Vedat REFAYELİ
Sizce de garip bir cümle, farkındayım. Ama bence hiç şaşırmayın.
Çünkü 80’nci yılına merdiven dayayan ve şehrin sembollerinden biri haline gelen Erzurum’un köklü müesseselerinden Kitapsarayı’nda son zamanlarda sıkça duyulan bir cümledir o.
Sahipleri arkadaşım olduğu içindir, çoğu anlarda ben de şahit olmuşumdur o duruma. Mesela
fotoğrafta gördüğünüz şahıs da bunlardan biri. İsim ve fotoğrafının yayınlanmasında mahsur olmadığını söylemesine rağmen ben yine de ismini yazmak istemiyorum.

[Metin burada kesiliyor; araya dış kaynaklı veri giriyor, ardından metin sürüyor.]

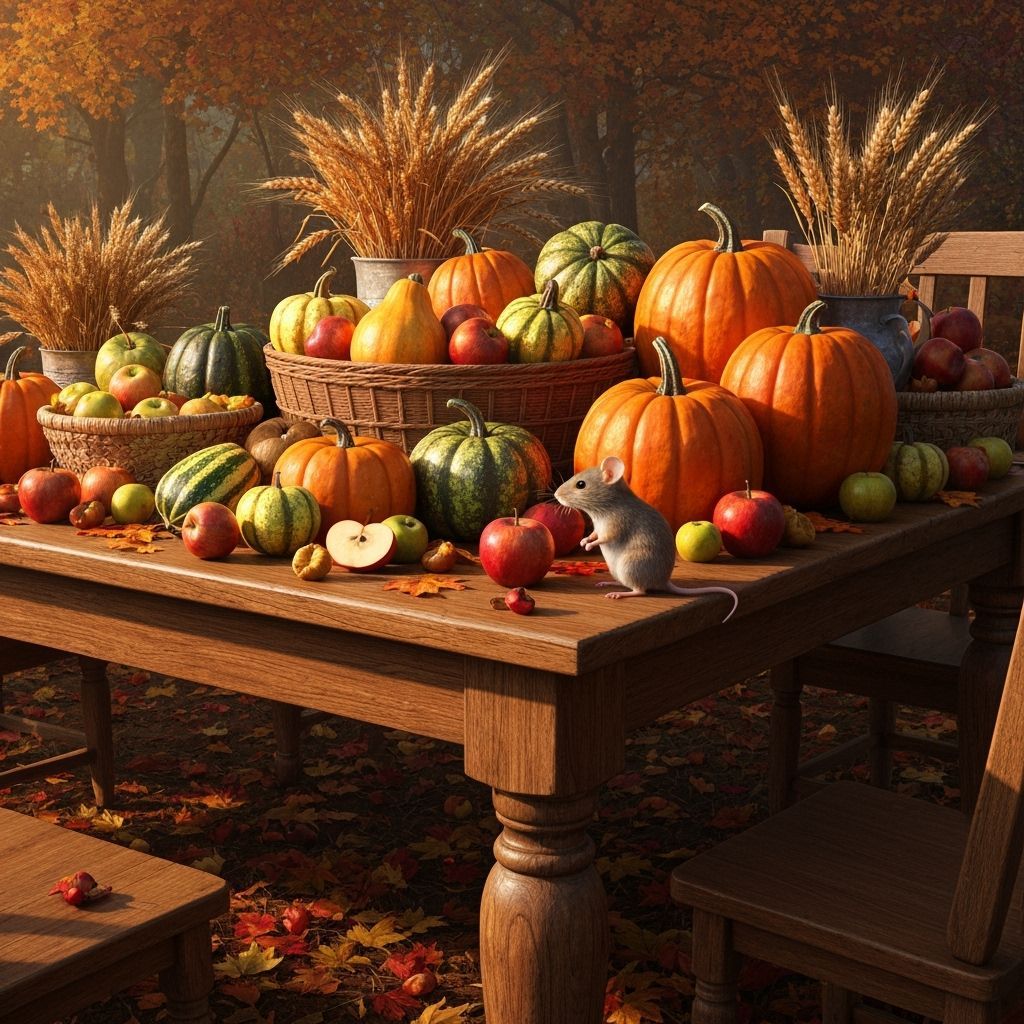 Autumn Harvest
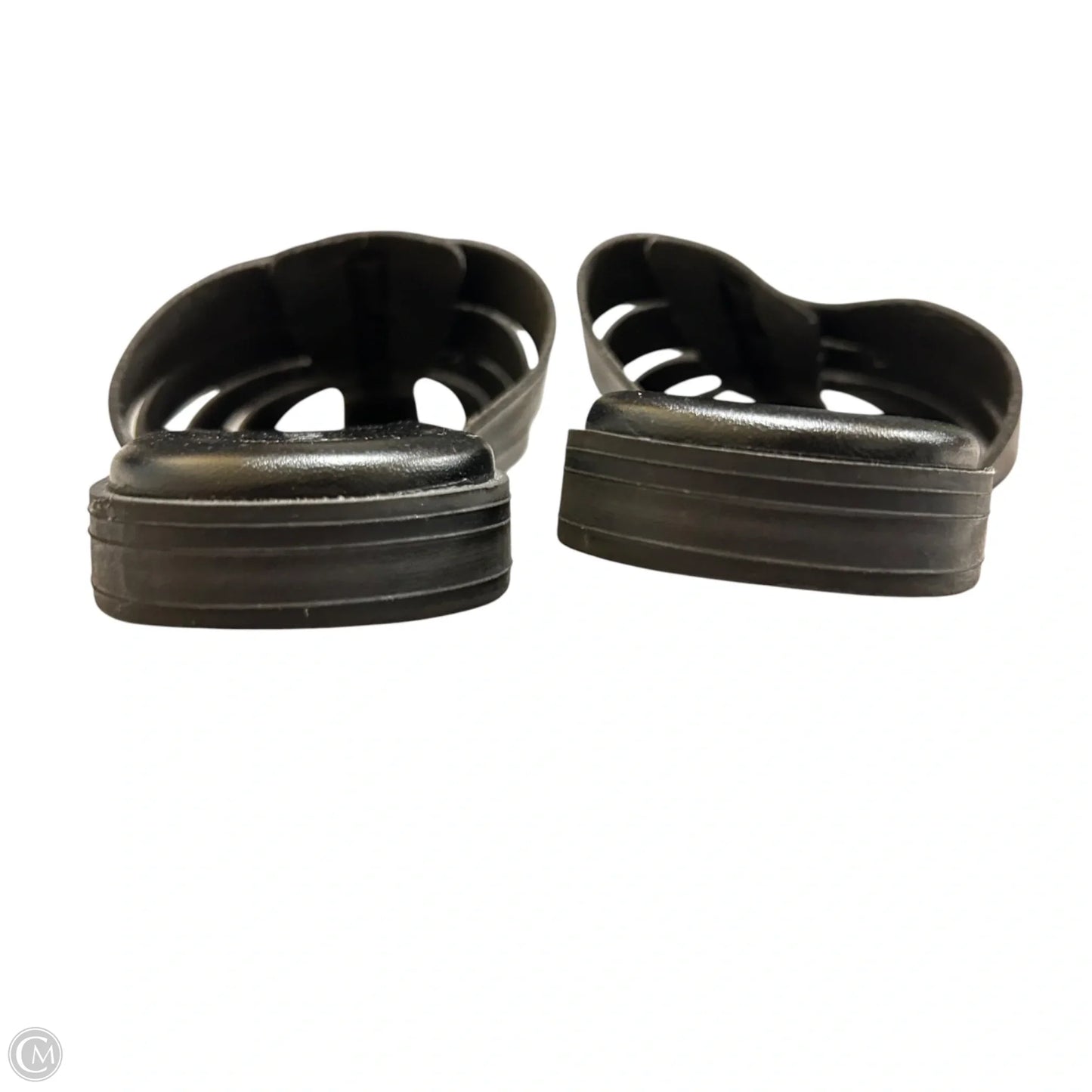 Shoes Flats By Old Navy In Black, Size: 8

Adnan Atalay’a, lisede iken 70’li yılların sonunda çok kez arkadaşlarıyla beraber Kitapsarayı’na gelip bazı kitapları parayla satın alırken bazılarını da arakladıklarını itiraf eden şahıs, hem o günkü fiyatın bedelini ödemek hem de helallık istedi.
Kitapları nasıl arakladıklarını da ballandıra ballandıra anlatarak bir de. Tıpkı daha önce de Kitapsarayı’ndan çok kitap arakladığını söyleyenler gibi!
Kitapsarayı’nın sahiplerinden Adnan Atalay, son yıllarda sıklıkla bu itiraflarda bulunanlarla karşıladığını belirterek, çalınan kitaplarının bedelini almanın yerine haklarını helal ve üstüne o itiraflarda bulunanlara kahve ikram ettiklerini söyledi.
Adnan Atalay, genelde Erzurum dışında yaşayanların işyerlerine gelip o itiraflarda bulunduklarını da belirterek, bu kişiler ile sonrasında sıkı dostluklar kurduklarını ve mektuplaştıklarını da kaydetti.